| Exercise details |
After locating the line with "product listing custom metro layout" below, output it and each following line exactly, stopping after the line with "Шкаф комбинированный Дуэт". No pictures.

| Given data |
+-------+
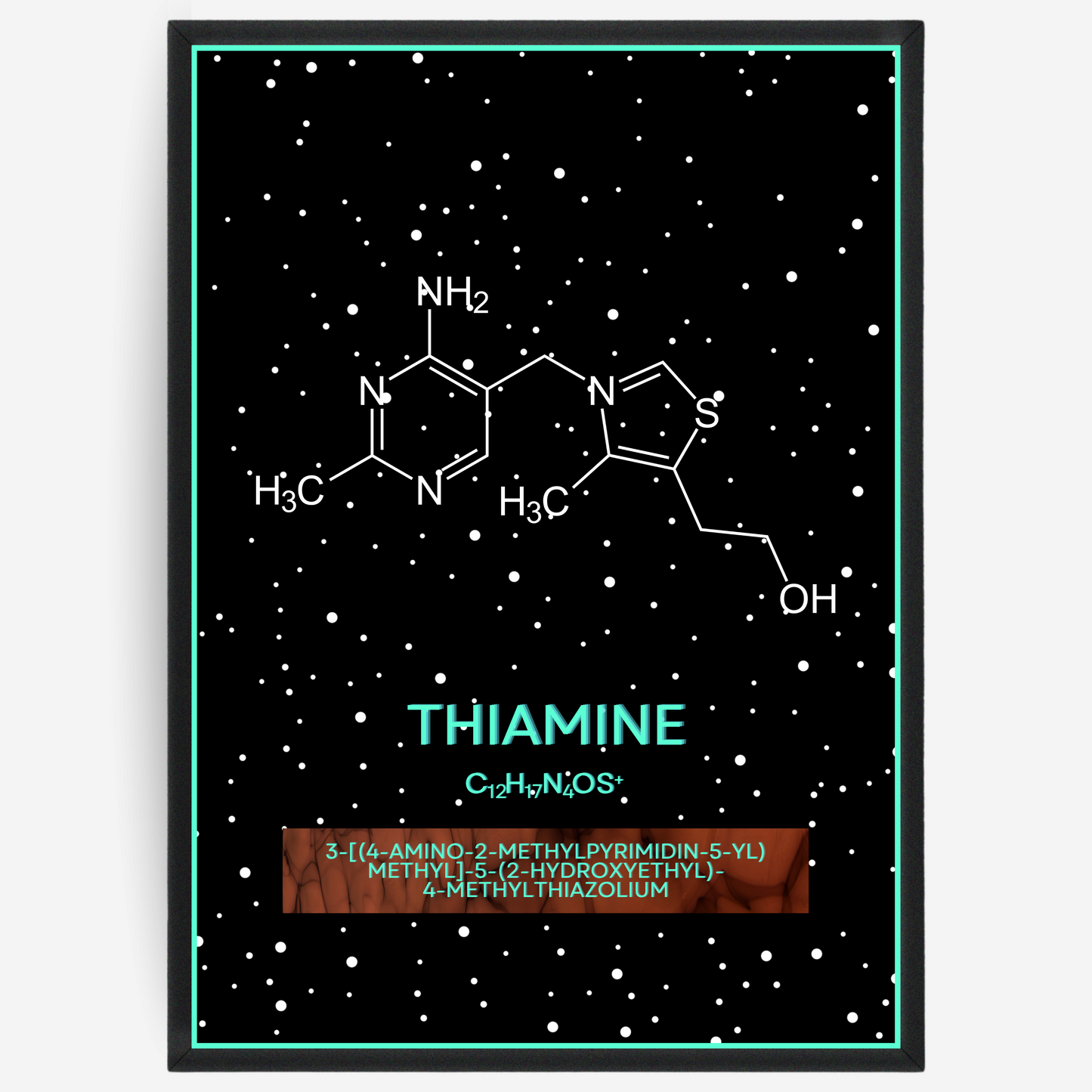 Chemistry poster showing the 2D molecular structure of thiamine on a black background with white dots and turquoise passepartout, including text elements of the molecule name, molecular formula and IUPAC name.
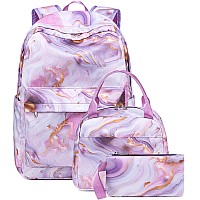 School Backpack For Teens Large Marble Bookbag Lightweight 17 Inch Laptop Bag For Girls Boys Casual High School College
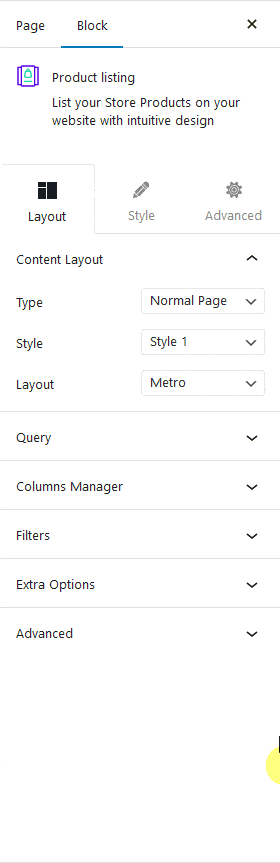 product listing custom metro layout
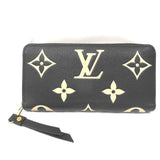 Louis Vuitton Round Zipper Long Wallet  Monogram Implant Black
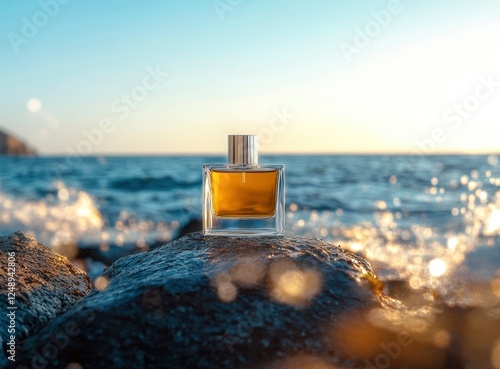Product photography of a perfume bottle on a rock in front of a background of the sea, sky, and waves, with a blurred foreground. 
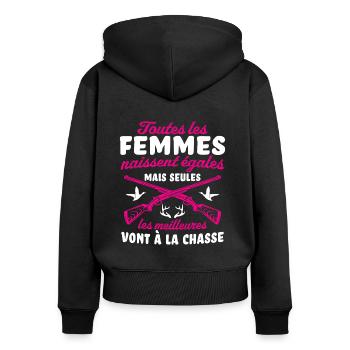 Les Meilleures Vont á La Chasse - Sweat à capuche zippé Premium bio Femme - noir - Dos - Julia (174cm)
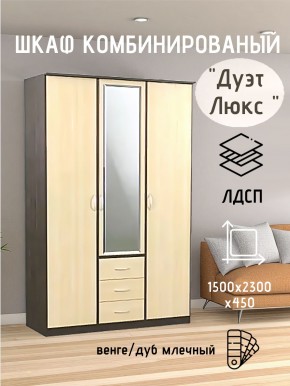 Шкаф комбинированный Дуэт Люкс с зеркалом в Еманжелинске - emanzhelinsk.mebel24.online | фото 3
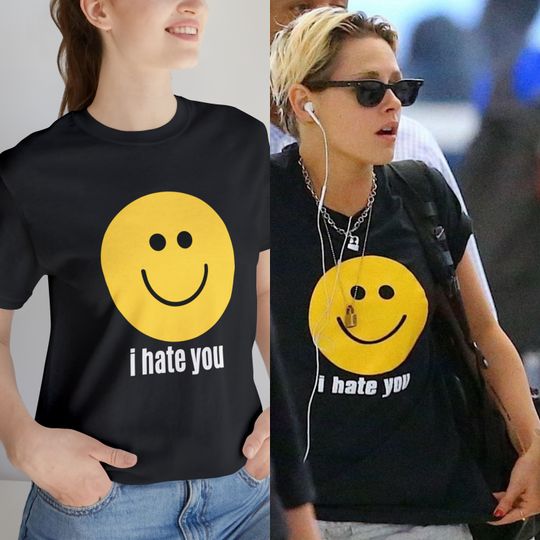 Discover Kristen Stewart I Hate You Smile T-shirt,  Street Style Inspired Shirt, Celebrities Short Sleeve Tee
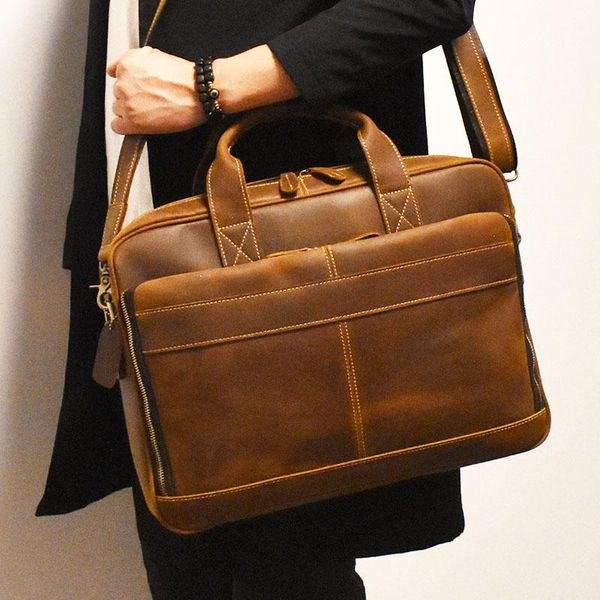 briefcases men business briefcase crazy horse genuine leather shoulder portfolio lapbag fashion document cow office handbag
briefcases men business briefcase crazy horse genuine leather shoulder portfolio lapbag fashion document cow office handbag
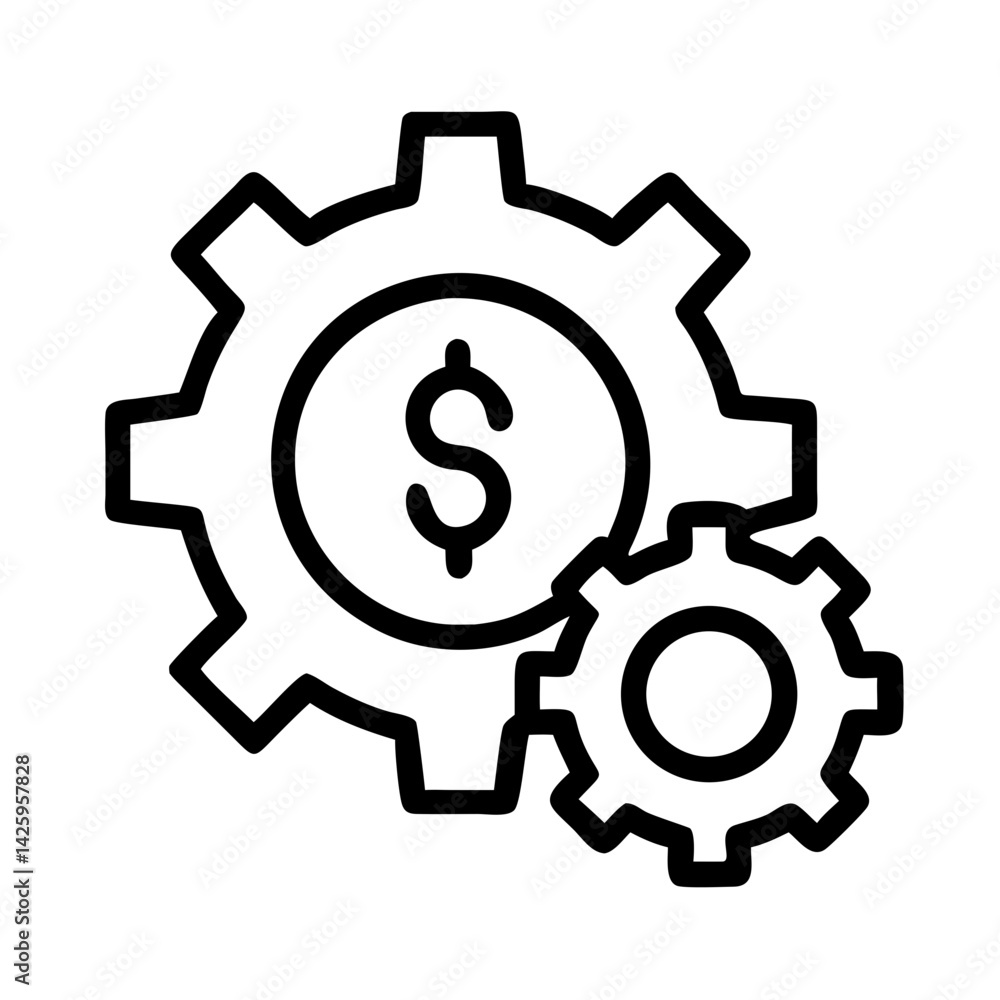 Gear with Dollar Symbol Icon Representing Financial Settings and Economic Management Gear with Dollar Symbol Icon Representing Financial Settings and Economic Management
+-------+
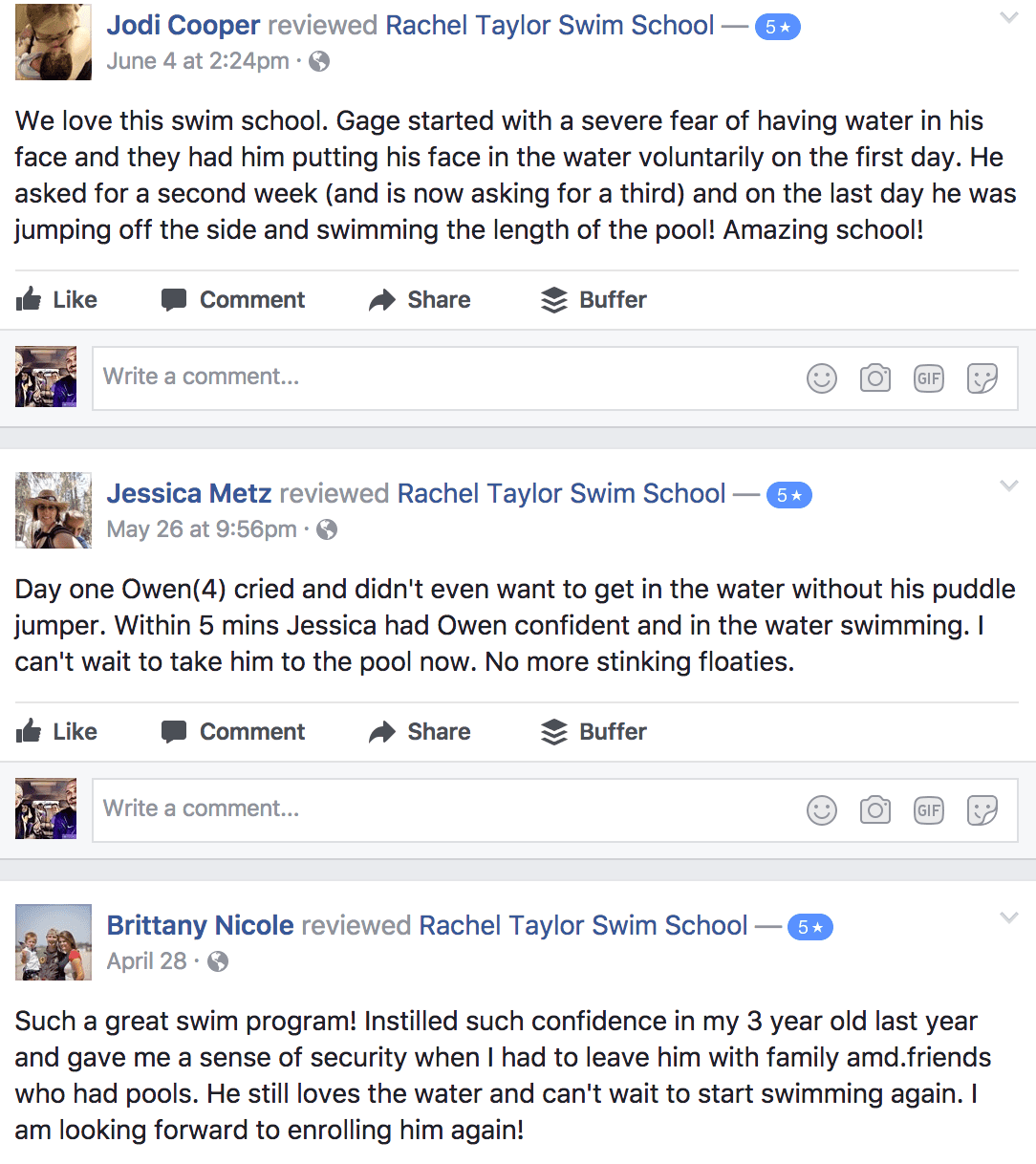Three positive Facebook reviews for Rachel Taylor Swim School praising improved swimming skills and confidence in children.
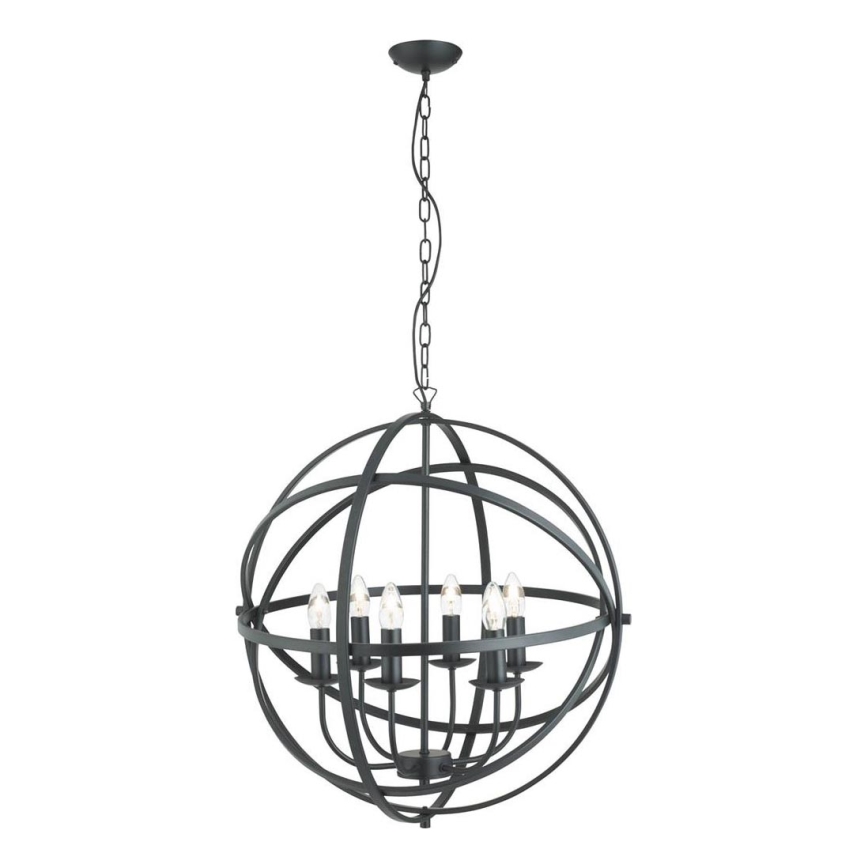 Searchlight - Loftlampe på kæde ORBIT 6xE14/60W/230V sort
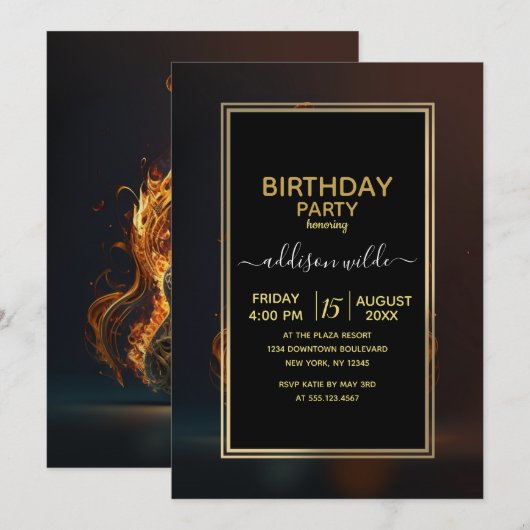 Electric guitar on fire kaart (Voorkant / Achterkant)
+-------+
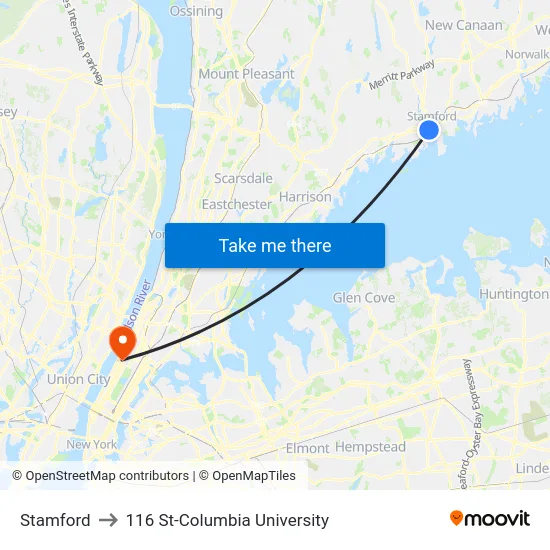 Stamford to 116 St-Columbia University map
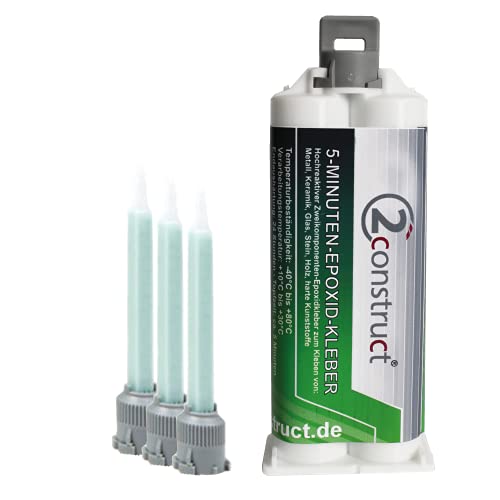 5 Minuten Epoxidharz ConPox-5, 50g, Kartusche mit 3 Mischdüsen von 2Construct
+-------+
| Expected output |
 product listing custom metro layout
 Louis Vuitton Round Zipper Long Wallet  Monogram Implant Black
Product photography of a perfume bottle on a rock in front of a background of the sea, sky, and waves, with a blurred foreground. 
 Les Meilleures Vont á La Chasse - Sweat à capuche zippé Premium bio Femme - noir - Dos - Julia (174cm)
 Шкаф комбинированный Дуэт Люкс с зеркалом в Еманжелинске - emanzhelinsk.mebel24.online | фото 3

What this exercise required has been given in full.